Start of DATASET
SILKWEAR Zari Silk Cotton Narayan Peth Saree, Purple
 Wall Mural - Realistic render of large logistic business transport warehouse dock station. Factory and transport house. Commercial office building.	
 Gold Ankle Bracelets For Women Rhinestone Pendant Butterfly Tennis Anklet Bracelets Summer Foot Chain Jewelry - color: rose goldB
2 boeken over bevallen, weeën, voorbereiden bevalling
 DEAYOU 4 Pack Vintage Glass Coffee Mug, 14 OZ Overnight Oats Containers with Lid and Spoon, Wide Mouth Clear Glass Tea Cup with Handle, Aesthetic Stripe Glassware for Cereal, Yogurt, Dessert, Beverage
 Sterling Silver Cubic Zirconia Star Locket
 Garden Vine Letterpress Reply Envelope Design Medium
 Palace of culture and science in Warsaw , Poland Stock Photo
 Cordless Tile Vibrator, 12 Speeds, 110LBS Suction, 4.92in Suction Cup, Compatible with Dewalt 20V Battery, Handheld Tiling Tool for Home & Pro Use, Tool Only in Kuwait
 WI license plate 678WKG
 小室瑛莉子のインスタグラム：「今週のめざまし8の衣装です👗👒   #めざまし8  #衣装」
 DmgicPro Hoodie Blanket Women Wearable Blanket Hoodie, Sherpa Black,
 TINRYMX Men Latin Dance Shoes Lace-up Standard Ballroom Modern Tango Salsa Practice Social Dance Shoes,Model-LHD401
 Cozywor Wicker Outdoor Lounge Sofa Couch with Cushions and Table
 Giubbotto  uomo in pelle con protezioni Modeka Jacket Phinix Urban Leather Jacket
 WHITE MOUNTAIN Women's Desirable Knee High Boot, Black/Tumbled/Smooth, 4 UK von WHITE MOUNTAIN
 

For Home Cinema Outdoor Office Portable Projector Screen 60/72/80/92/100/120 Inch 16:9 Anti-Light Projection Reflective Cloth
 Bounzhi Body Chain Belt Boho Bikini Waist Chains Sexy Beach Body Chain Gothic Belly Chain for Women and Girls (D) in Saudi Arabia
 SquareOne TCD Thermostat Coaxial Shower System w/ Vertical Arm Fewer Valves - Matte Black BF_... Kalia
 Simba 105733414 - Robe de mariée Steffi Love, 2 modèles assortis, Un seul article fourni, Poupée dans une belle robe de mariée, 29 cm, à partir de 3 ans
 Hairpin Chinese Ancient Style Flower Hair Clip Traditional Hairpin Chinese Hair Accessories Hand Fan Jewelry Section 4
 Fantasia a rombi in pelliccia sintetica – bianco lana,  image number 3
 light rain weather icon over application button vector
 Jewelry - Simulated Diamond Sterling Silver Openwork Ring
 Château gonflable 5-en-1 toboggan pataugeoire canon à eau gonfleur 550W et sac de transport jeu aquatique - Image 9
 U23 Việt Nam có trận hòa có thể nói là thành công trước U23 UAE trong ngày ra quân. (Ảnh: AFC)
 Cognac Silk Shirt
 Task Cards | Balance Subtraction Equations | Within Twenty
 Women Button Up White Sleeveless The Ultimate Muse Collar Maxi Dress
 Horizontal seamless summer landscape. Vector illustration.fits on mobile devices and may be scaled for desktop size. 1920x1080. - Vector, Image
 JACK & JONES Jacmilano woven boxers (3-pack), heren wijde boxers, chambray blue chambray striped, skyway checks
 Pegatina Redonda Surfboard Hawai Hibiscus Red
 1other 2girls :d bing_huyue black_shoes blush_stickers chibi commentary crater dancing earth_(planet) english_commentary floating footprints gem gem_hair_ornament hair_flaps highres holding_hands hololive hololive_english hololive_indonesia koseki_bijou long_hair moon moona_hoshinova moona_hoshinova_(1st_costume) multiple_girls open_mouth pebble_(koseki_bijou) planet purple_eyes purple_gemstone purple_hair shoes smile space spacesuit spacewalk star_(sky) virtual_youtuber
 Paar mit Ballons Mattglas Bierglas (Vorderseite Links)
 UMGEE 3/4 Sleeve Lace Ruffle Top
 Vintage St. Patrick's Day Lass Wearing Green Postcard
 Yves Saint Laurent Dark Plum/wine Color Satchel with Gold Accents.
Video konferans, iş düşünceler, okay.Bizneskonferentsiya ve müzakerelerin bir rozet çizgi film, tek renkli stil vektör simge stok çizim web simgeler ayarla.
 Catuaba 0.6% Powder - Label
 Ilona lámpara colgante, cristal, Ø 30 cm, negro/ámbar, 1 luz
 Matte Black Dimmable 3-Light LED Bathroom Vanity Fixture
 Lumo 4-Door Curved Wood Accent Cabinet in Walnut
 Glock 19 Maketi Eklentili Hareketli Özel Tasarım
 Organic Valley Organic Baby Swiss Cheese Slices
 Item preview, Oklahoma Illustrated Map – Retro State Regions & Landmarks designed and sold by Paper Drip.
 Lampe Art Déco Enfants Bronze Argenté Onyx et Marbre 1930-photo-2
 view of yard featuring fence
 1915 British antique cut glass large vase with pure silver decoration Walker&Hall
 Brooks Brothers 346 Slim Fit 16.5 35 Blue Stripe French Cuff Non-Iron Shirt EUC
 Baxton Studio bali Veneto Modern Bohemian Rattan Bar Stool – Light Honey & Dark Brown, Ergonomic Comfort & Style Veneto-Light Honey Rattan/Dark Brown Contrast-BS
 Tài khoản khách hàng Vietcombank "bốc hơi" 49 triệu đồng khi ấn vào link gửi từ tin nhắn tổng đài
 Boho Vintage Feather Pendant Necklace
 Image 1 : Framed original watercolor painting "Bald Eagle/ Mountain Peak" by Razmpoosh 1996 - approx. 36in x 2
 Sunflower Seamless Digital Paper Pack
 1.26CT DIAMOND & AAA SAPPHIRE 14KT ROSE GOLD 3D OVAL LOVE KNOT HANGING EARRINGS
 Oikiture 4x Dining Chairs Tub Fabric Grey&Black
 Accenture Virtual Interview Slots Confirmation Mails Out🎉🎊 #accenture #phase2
End of DATASET
When you copy the data, keep every line word for word.

SILKWEAR Zari Silk Cotton Narayan Peth Saree, Purple
 Wall Mural - Realistic render of large logistic business transport warehouse dock station. Factory and transport house. Commercial office building.	
 Gold Ankle Bracelets For Women Rhinestone Pendant Butterfly Tennis Anklet Bracelets Summer Foot Chain Jewelry - color: rose goldB
2 boeken over bevallen, weeën, voorbereiden bevalling
 DEAYOU 4 Pack Vintage Glass Coffee Mug, 14 OZ Overnight Oats Containers with Lid and Spoon, Wide Mouth Clear Glass Tea Cup with Handle, Aesthetic Stripe Glassware for Cereal, Yogurt, Dessert, Beverage
 Sterling Silver Cubic Zirconia Star Locket
 Garden Vine Letterpress Reply Envelope Design Medium
 Palace of culture and science in Warsaw , Poland Stock Photo
 Cordless Tile Vibrator, 12 Speeds, 110LBS Suction, 4.92in Suction Cup, Compatible with Dewalt 20V Battery, Handheld Tiling Tool for Home & Pro Use, Tool Only in Kuwait
 WI license plate 678WKG
 小室瑛莉子のインスタグラム：「今週のめざまし8の衣装です👗👒   #めざまし8  #衣装」
 DmgicPro Hoodie Blanket Women Wearable Blanket Hoodie, Sherpa Black,
 TINRYMX Men Latin Dance Shoes Lace-up Standard Ballroom Modern Tango Salsa Practice Social Dance Shoes,Model-LHD401
 Cozywor Wicker Outdoor Lounge Sofa Couch with Cushions and Table
 Giubbotto  uomo in pelle con protezioni Modeka Jacket Phinix Urban Leather Jacket
 WHITE MOUNTAIN Women's Desirable Knee High Boot, Black/Tumbled/Smooth, 4 UK von WHITE MOUNTAIN
 

For Home Cinema Outdoor Office Portable Projector Screen 60/72/80/92/100/120 Inch 16:9 Anti-Light Projection Reflective Cloth
 Bounzhi Body Chain Belt Boho Bikini Waist Chains Sexy Beach Body Chain Gothic Belly Chain for Women and Girls (D) in Saudi Arabia
 SquareOne TCD Thermostat Coaxial Shower System w/ Vertical Arm Fewer Valves - Matte Black BF_... Kalia
 Simba 105733414 - Robe de mariée Steffi Love, 2 modèles assortis, Un seul article fourni, Poupée dans une belle robe de mariée, 29 cm, à partir de 3 ans
 Hairpin Chinese Ancient Style Flower Hair Clip Traditional Hairpin Chinese Hair Accessories Hand Fan Jewelry Section 4
 Fantasia a rombi in pelliccia sintetica – bianco lana,  image number 3
 light rain weather icon over application button vector
 Jewelry - Simulated Diamond Sterling Silver Openwork Ring
 Château gonflable 5-en-1 toboggan pataugeoire canon à eau gonfleur 550W et sac de transport jeu aquatique - Image 9
 U23 Việt Nam có trận hòa có thể nói là thành công trước U23 UAE trong ngày ra quân. (Ảnh: AFC)
 Cognac Silk Shirt
 Task Cards | Balance Subtraction Equations | Within Twenty
 Women Button Up White Sleeveless The Ultimate Muse Collar Maxi Dress
 Horizontal seamless summer landscape. Vector illustration.fits on mobile devices and may be scaled for desktop size. 1920x1080. - Vector, Image
 JACK & JONES Jacmilano woven boxers (3-pack), heren wijde boxers, chambray blue chambray striped, skyway checks
 Pegatina Redonda Surfboard Hawai Hibiscus Red
 1other 2girls :d bing_huyue black_shoes blush_stickers chibi commentary crater dancing earth_(planet) english_commentary floating footprints gem gem_hair_ornament hair_flaps highres holding_hands hololive hololive_english hololive_indonesia koseki_bijou long_hair moon moona_hoshinova moona_hoshinova_(1st_costume) multiple_girls open_mouth pebble_(koseki_bijou) planet purple_eyes purple_gemstone purple_hair shoes smile space spacesuit spacewalk star_(sky) virtual_youtuber
 Paar mit Ballons Mattglas Bierglas (Vorderseite Links)
 UMGEE 3/4 Sleeve Lace Ruffle Top
 Vintage St. Patrick's Day Lass Wearing Green Postcard
 Yves Saint Laurent Dark Plum/wine Color Satchel with Gold Accents.
Video konferans, iş düşünceler, okay.Bizneskonferentsiya ve müzakerelerin bir rozet çizgi film, tek renkli stil vektör simge stok çizim web simgeler ayarla.
 Catuaba 0.6% Powder - Label
 Ilona lámpara colgante, cristal, Ø 30 cm, negro/ámbar, 1 luz
 Matte Black Dimmable 3-Light LED Bathroom Vanity Fixture
 Lumo 4-Door Curved Wood Accent Cabinet in Walnut
 Glock 19 Maketi Eklentili Hareketli Özel Tasarım
 Organic Valley Organic Baby Swiss Cheese Slices
 Item preview, Oklahoma Illustrated Map – Retro State Regions & Landmarks designed and sold by Paper Drip.
 Lampe Art Déco Enfants Bronze Argenté Onyx et Marbre 1930-photo-2
 view of yard featuring fence
 1915 British antique cut glass large vase with pure silver decoration Walker&Hall
 Brooks Brothers 346 Slim Fit 16.5 35 Blue Stripe French Cuff Non-Iron Shirt EUC
 Baxton Studio bali Veneto Modern Bohemian Rattan Bar Stool – Light Honey & Dark Brown, Ergonomic Comfort & Style Veneto-Light Honey Rattan/Dark Brown Contrast-BS
 Tài khoản khách hàng Vietcombank "bốc hơi" 49 triệu đồng khi ấn vào link gửi từ tin nhắn tổng đài
 Boho Vintage Feather Pendant Necklace
 Image 1 : Framed original watercolor painting "Bald Eagle/ Mountain Peak" by Razmpoosh 1996 - approx. 36in x 2
 Sunflower Seamless Digital Paper Pack
 1.26CT DIAMOND & AAA SAPPHIRE 14KT ROSE GOLD 3D OVAL LOVE KNOT HANGING EARRINGS
 Oikiture 4x Dining Chairs Tub Fabric Grey&Black
 Accenture Virtual Interview Slots Confirmation Mails Out🎉🎊 #accenture #phase2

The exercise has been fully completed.